“If there are no doors open, then go find a window!
Don’t take no for an answer.”
My new business start-up guide, Birthing the Elephant, describes a entrepreneur as someone who will go over, under, around or through any obstacle in their path on the way to fulfilling their dream. To get where we want to go as writers, we need to bring that same kind of single-minded focus and resourcefulness to our work.
When Faith Ringgold couldn’t persuade publishers to give her a chance as an author, she began writing her stories on fabric and turning them into quilts. She even made one fabric fable into an amazing, one-of-a-kind costume and wore it to attract attention (see Story Quilts). Faith found a window. When Robert Johnson couldn’t afford a guitar as an impoverished tenant farmer in the 1920s, he made one himself out of materials he had on hand. When he couldn’t afford lessons, he taught himself how to play and went on to become a legendary blues guitarist whose unique style helped shape the musicians who followed him. Like Faith, Robert found a window.
What about us? Are we passionate and intense enough about what we’re doing to find a window when we can’t find a door? A tough rejection. The door slams. The struggle to find an agent. A door shuts. A rough patch in a story or novel we’re working on. Another door closes. Like Faith, who wore her stories as body art or Robert, who crafted his own guitar, can we find windows? Can we tap our innate resourcefulness and keep going? Can we take whatever materials we have on hand and craft something unique and wonderful?

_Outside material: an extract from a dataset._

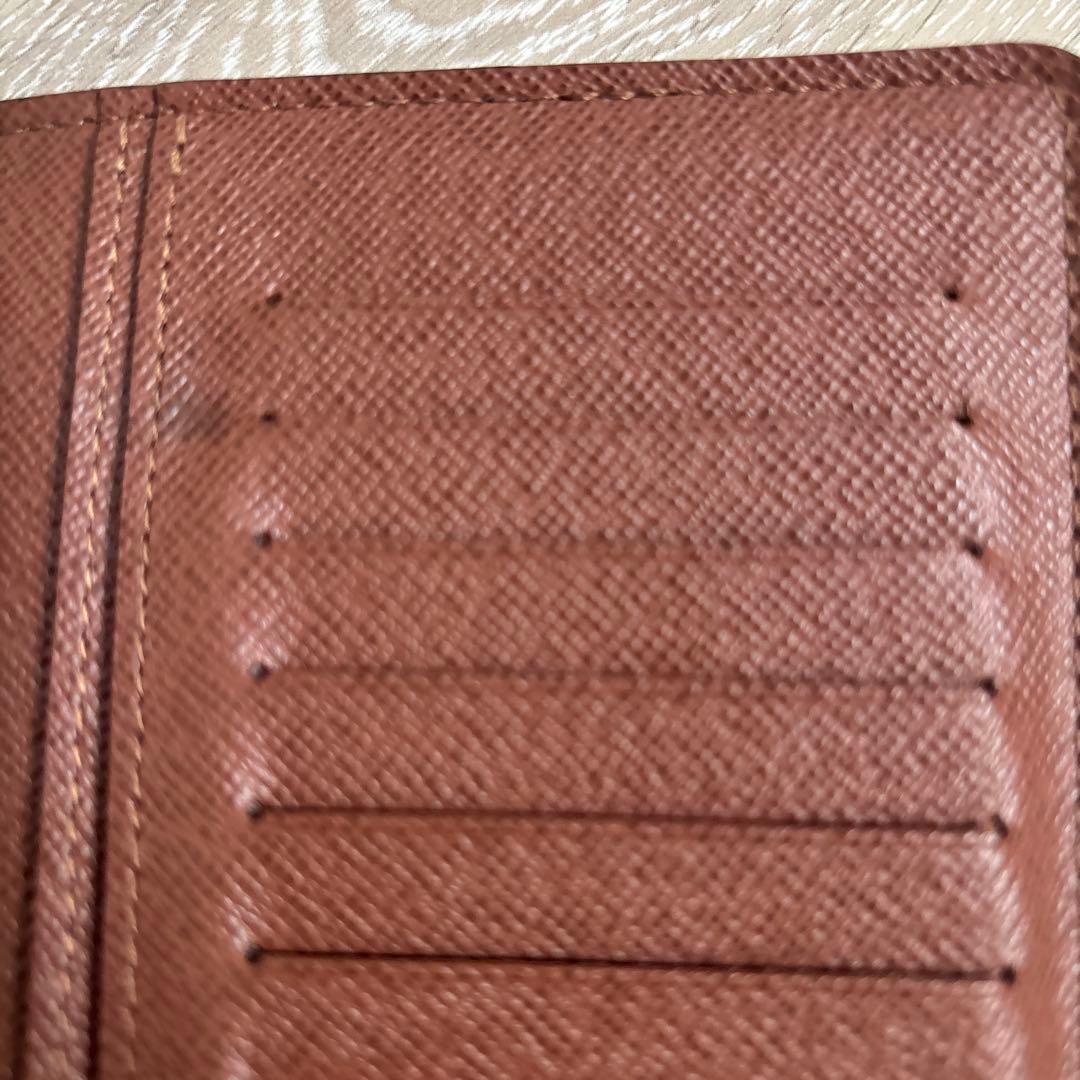 Louis Vuitton ダミエ　エベヌ　ポルトフォイユ　ブラザ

Sure, there may be plenty of doors around that may not be open to us, but the number of windows we can find and throw open for ourselves is endless! Right now I’m struggling with a big moment in my YA novel. Brainstorming with my ever-inventive sister, Stephanie, has been a big help. One way or another, I’m going to find that window, open it, and fly through it! How about you? Have you opened a window in your writing? Please share your story!